Ajay Kumar Kakkar, Baron Kakkar (born 28 April 1964) is Professor of Surgery, University College London.
He was educated at Alleyn's School, King's College London (BSc, MB, BS) and Imperial College London (PhD). He has research interests in the prevention and treatment of venous thromboembolic disease and cancer-associated thrombosis and, in particular, the role of antithrombotic therapy in prolonging survival in cancer and the role of coagulation serine proteases in tumour biology.
Kakkar is Chair of the Clinical Quality Directorate of University College London Partners Academic Health Science Partnership, Director of the Thrombosis Research Institute,[1] London, and lectures and publishes widely on his specialism. He has worked with the NHS on its strategy to prevent venous thromboembolism (VTE).

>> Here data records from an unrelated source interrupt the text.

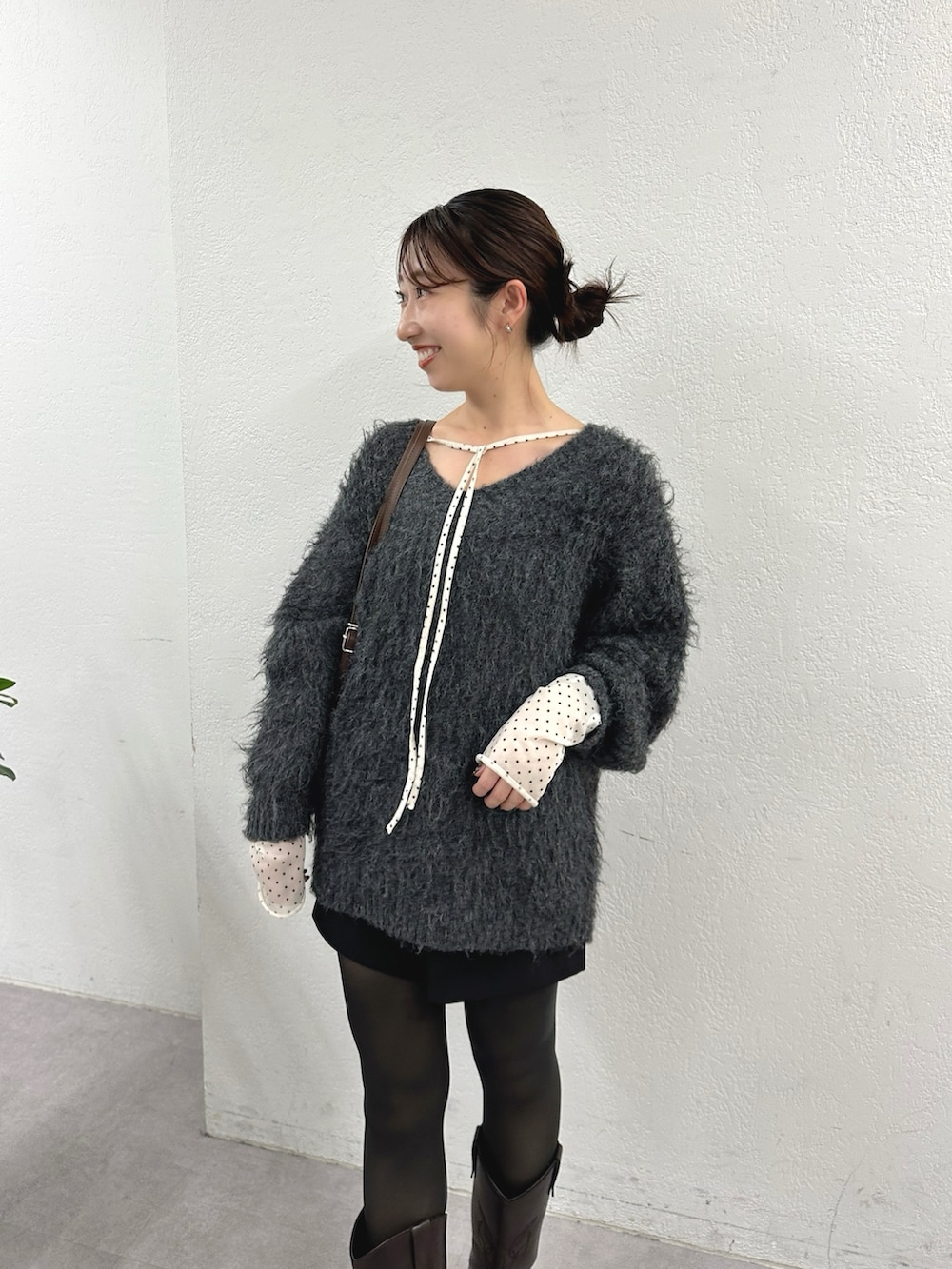 グレー系のニット/セーター、ホワイト系のTシャツ/カットソー、ブラウン系のブーツを着用したレディースの秋コーディネートの2枚目の写真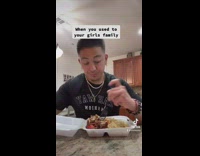 Guy ignores fighting continues eating food 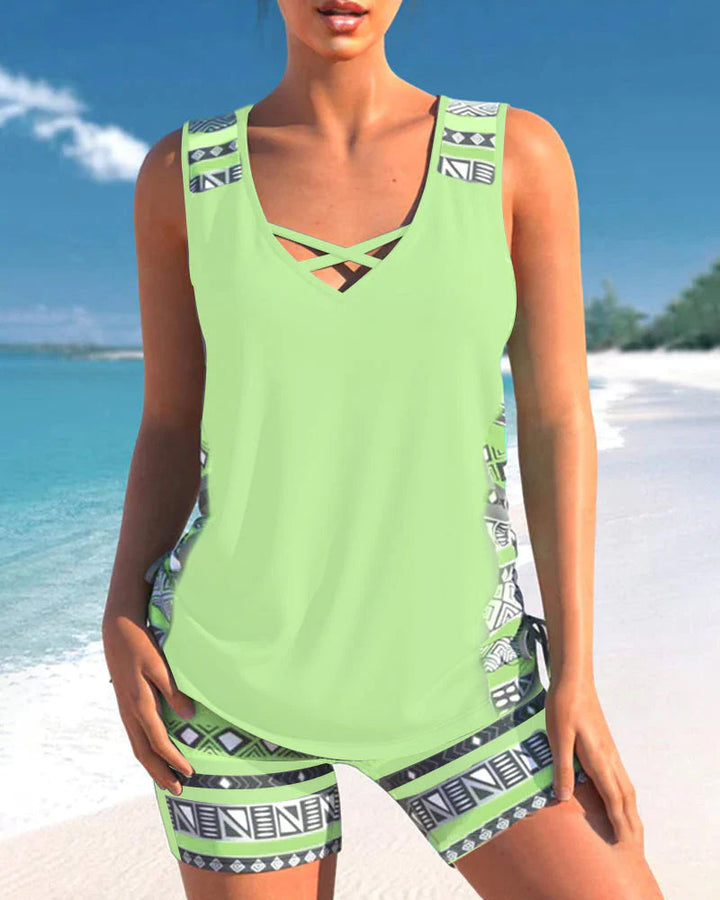 Contemporary women's tankini with a chic criss-cross neckline. Perfect beachwear and summer fashion.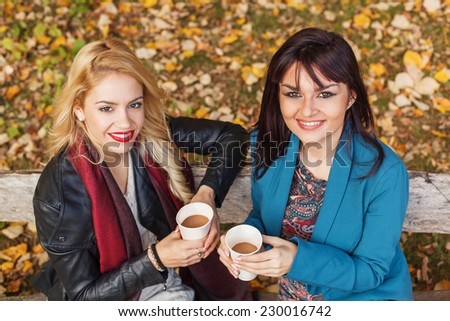 Two women drinking coffee in the park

Among the awards Kakkar has received are Hunterian Professor, Royal College of Surgeons of England 1996, the David Patey Prize, Surgical Research Society of Great Britain and Ireland 1996, the Knoll William Harvey Prize, International Society on Thrombosis and Haemostasis 1997 and the James IV Association of Surgeons Fellow 2006. He is Chair of the Board of Governors at Alleyn's School,[2] Dulwich, and a Trustee of the Dulwich Estate.
Kakkar was created a life peer on 22 March 2010 as Baron Kakkar, of Loxbeare in the County of Devon,[3] and introduced in the House of Lords the same day.[4] He sits on the crossbenches.